Edward Stanford Award for Outstanding Contribution to Travel Writing
We were delighted to award Michael Palin with the Edward Stanford Award for Outstanding Contribution to Travel Writing 2016. This award recognises the great contribution Michael has given to the travel writing genre over many years.
It all started nearly 30 years ago when the actor, writer and, most famously, Python, embarked on his first adventure. Around the World in 80 Days, inspired by Jules Verne’s classic novel, saw him recreate Phileas Fogg’s legendary journey, circumnavigating the globe without the use of aircraft, but accompanied by a BBC television crew. The documentary was acclaimed and Palin’s book a bestseller. He had been transformed from, in his own words, a very silly person to a very silly explorer.
What followed were more journeys across the globe, beautifully captured on film, recreated in pictures and retold in the written word. He has written a further seven bestselling books to accompany the travel series, Pole to Pole, Full Circle, Hemingway Adventure, Sahara, Himalaya, New Europe and Brazil.
Born in Sheffield in 1942, Palin went on to attend Oxford University and started penning comedy material and plays. But 1969 was the turning point, for more than one reason.
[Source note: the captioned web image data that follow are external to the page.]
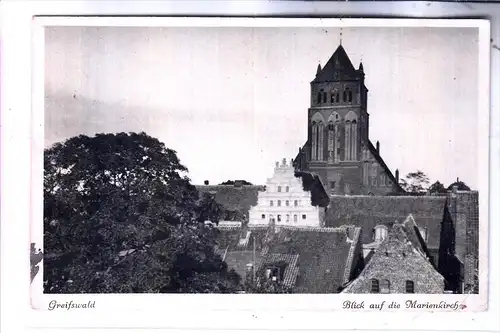 0-2200 GREIFSWALD, Marienkirche, 1936, kl. Knick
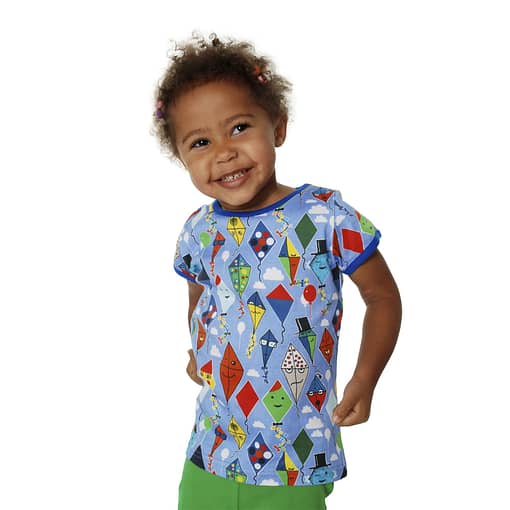 DUNS Sweden Kite organic cotton dungarees (74cm 6-9 months) - Image 2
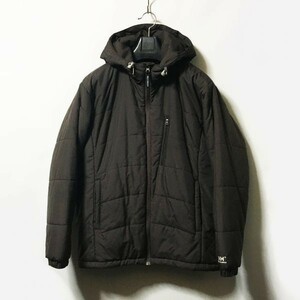 #HELLY HANSEN｜ヘリーハンセン リップストップポリエステル中綿パーカー ダークブラウンカラー sizeM(L程度)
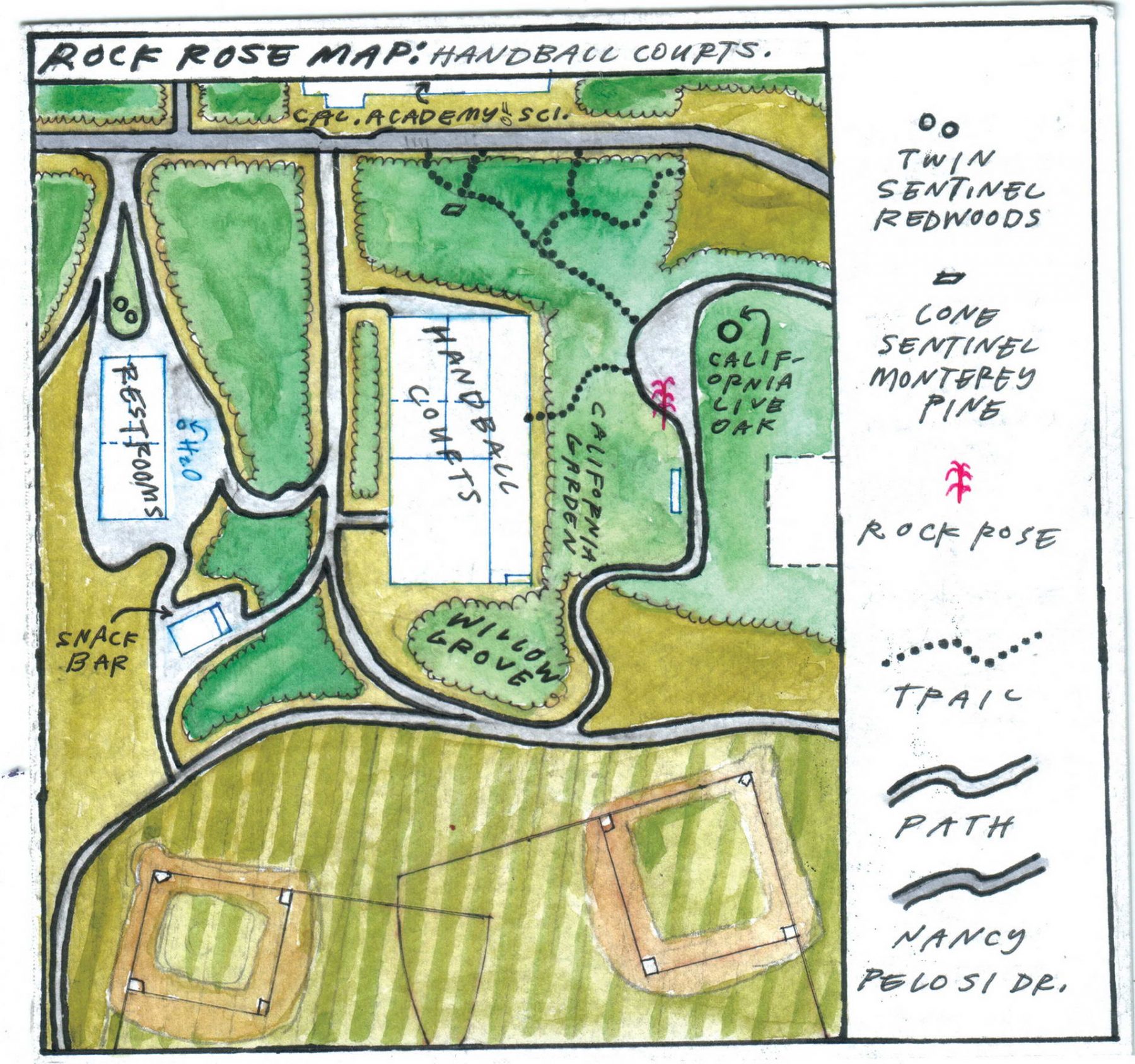 Rock Rose Map: Handball Courts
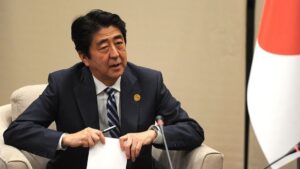 Shinzo Abe, primer ministro de Japón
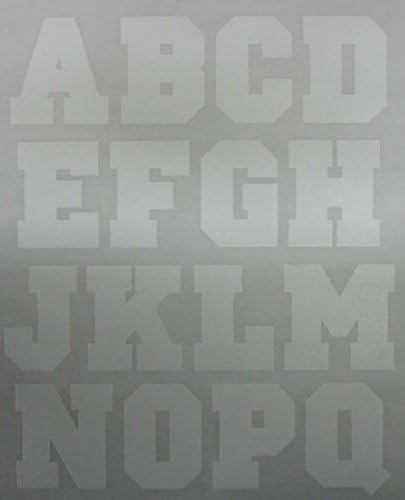COLORSTAR CS1036-0001 Iron On Jersey Closed Letters White 2In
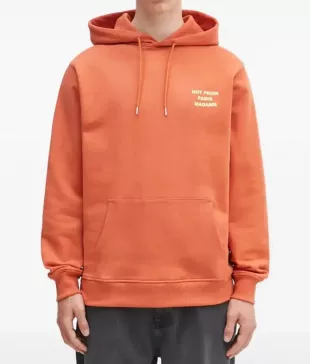 Orange Oversized Hoodie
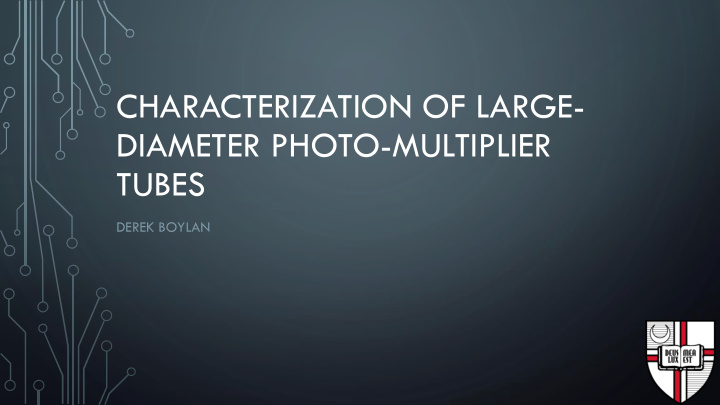 diameter photo multiplier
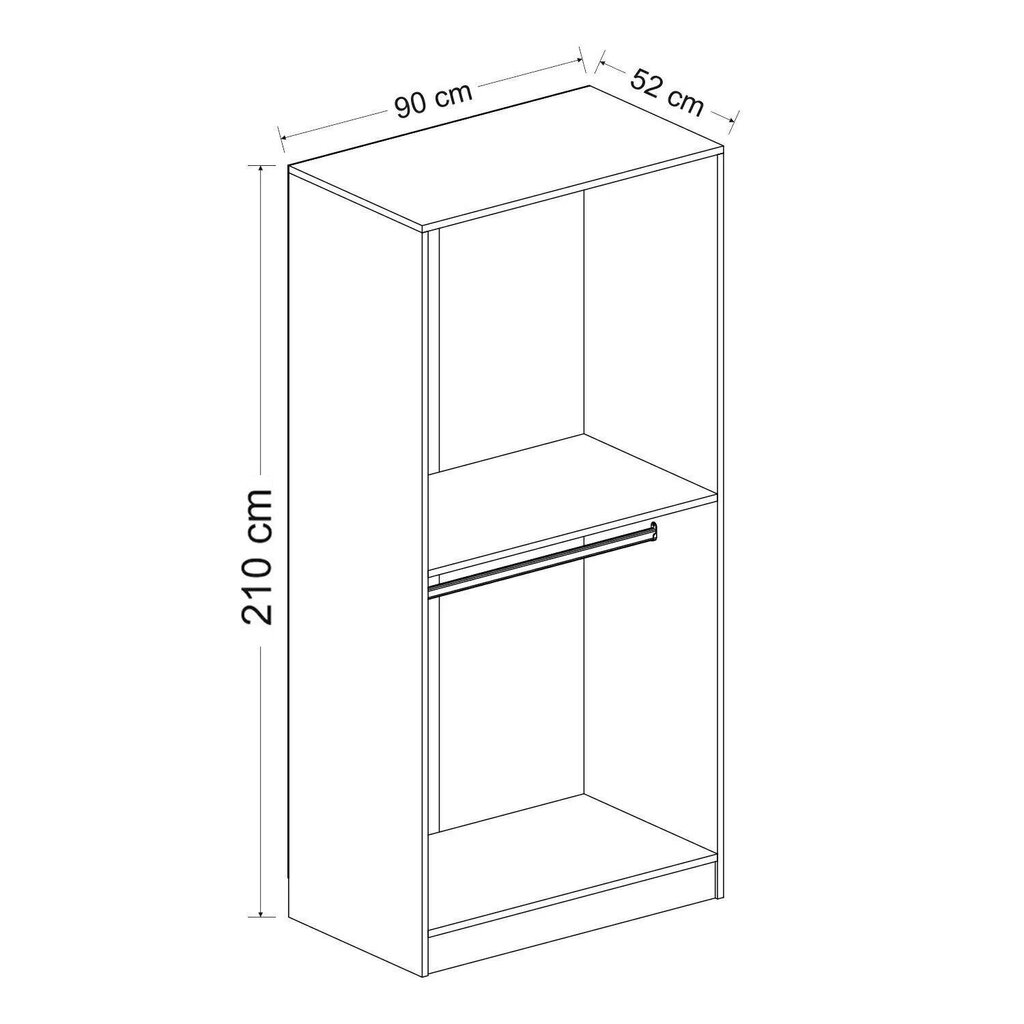 Kaappi Asir Kale Glass Dark 210, harmaa hinta ja tiedot | Kaapit | hobbyhall.fi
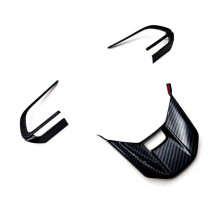 3Pcs Car Carbon Fiber Steering Wheel Panel Cover Trim Frame Sticker for Veloz Avanza/ Alza 2022 2023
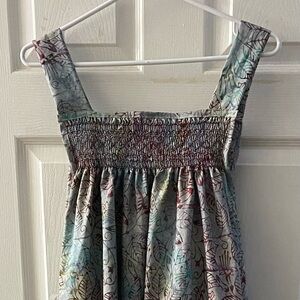 Smocked Batik Cotton Dress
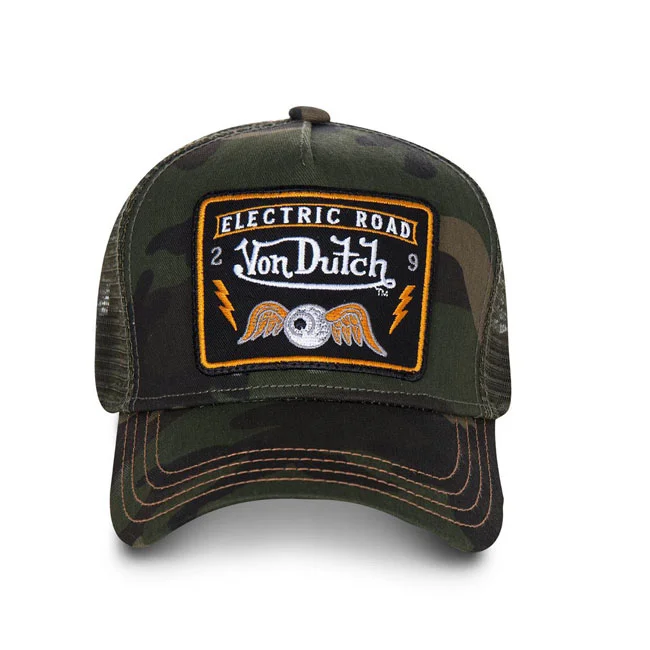 Von Dutch Dutch Heritage cap square patch camou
It was the year he joined up with Graham Chapman, John Cleese, Terry Gilliam, Eric Idle and Terry Jones for the first series of Monty Python’s Flying Circus, broadcast on BBC Television. But, perhaps, more importantly, it was the year he started keeping a diary.
It stood him in perfect stead for travel writing. When journeying across the world he always used longhand to jot the day’s events in his notebook. Looking back brought the experiences back to life, with grains of desert sand stuck between the pages and the smear of a crushed insect still visible. His ability to bring those sights, scents, sounds and encounters to life for readers will surely earn him a place among the pantheon of travel writing greats.